For Frederic Jameson, true utopian fiction does not offer a “vacuous evocation [of] the image of a perfect society,” but marks a “radical and systemic break with even that predicted and colonised future which is simply a prolongation of our capitalist present.”7Frederic Jameson, Archaeologies of the Future (New York and London: Verso, 2005), 72. Does Drexciya’s music satisfy this definition? Does it need to? In Jameson, utopianism distinguishes science fiction from its sister genre, fantasy. While the latter indulges in soothing tales of feudally stratified societies in which clean-cut heroes triumph over straightforwardly malignant villains, science fiction provides a space for sincerely provocative social critique, one that allies itself not with magic but with the empirical tradition of science.

It has become a cliché to say that science fiction set in the future is actually about the present, but clichés are often true. As Terry Eagleton argues in a recent Guardian article on the legacy of More’s Utopia: “If we can speak of the future at all, it follows that we are still tied to some extent to the present.” The semantics of futurity always posit the yet-to-come as a kind of elsewhere. Yet Drexciya’s music is arguably less concerned with future-oriented, socio-political change than partying, and parties always (only ever) happen in the immediate moment. I have never seen Drexciya play live, but nor has anyone else. In keeping with their mysterious mythology, they remained anonymous throughout their years of operation and never played in front of an audience. Stinson’s name was only attached to the project after he died; Donald, meanwhile, refuses to acknowledge his involvement publicly. I did once see DJ Stingray—a Detroit techno/electro producer and, as his name indicates, Drexciya affiliate—play London’s Plastic People club. It was a tiny, sweaty, windowless basement room with a small DJ booth and a Funktion One sound system of sobering intensity. I stood there shuffle-dancing with a bunch of friends, ever so slightly bored, wondering when the headline act was going to emerge. Approximately thirty seconds before his scheduled appearance, a huge man wearing a black balaclava and a shiny baseball jacket stormed from the back of the room, parted the crowd, commandeered the DJ booth, pulled a vinyl from a bag and lowered the needle. It was a startling way to begin, but entirely appropriate for a musical tradition that, for all its utopian aspirations and deep historical roots, emerges from a desire to seize and energize the present moment.

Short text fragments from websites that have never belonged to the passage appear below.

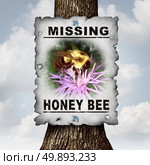 Honey bee missing concept or disappearing bees message sign as an agriculture symbol for farming pollination crisis as the decline and vanishing  pollinating insects in a 3D illustration style. Стоковое фото, агентство Ingram Publishing / Фотобанк Лори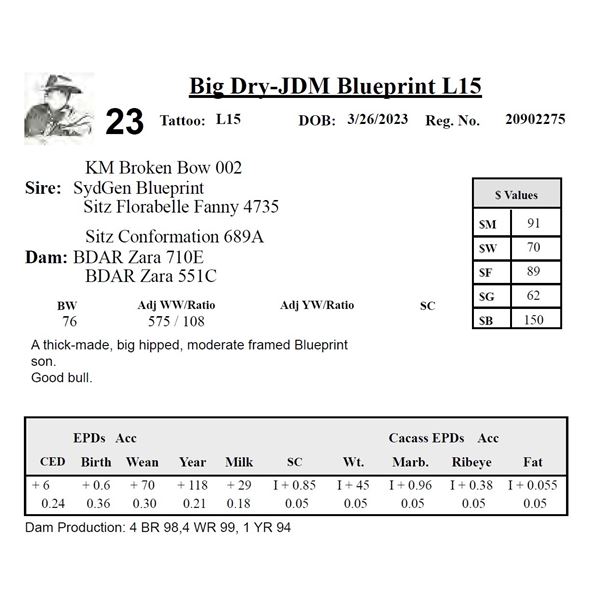 Big Dry-JDM Blueprint L15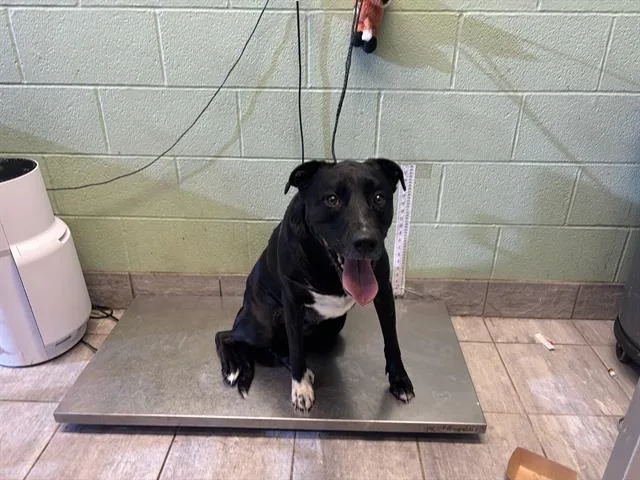 An adult large-sized female American Staffordshire Terrier dog named Sugar for adoption in Grand Prairie, TX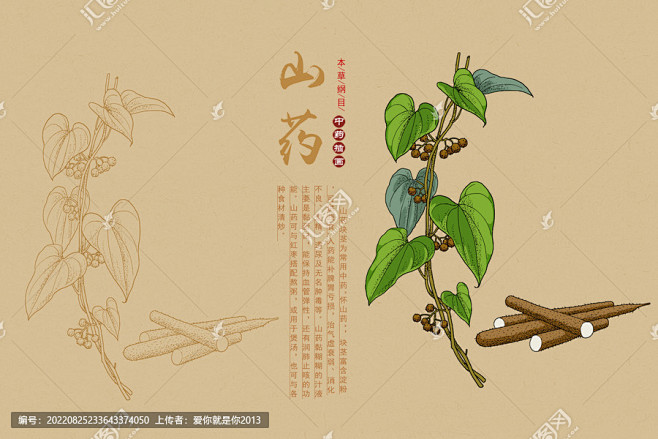 山药 淮山 手绘山药 药材 手绘值物花草...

In this context, anonymity is less significant for what it conceals than for what it reveals: self-effacement orients the DJ in supplication to tradition—the music’s more important than they are, as individuals. Only Stingray’s eyes were visible from his balaclava. They were focused exclusively on the decks and barely once looked up at the crowd throughout the duration of his set, a fitting illustration of the purist mentality of techno producers. When asked about his preference for keeping a low profile, Stinson once remarked: “dance music is about the people who listen to it,” as if bequeathing his music to his fans. The intangibility of the world that he helped produce was matched by the somewhat incorporeal identity he cultivated, although it is arguably better to think of Drexciya—the world, not the band—as something that exists within, as a liberated, somewhat dreamy state of mind. Stinson never made enough money from producing to support himself exclusively as a musician. Throughout his time in Drexciya he worked as a truck driver, driving long routes across America that gave him time to think. The product of those meditative journeys—you could call them domestic migrations—was one of the most astonishing and ambitious musical projects in the history of dance music. In one of his final interviews, given on Detroit radio station WDET in May 2002, months before he died, Stinson was characteristically upbeat. He was looking forward to leaving Detroit and visiting Atlanta, Georgia, a city referred to as “the new land of Atlantis.”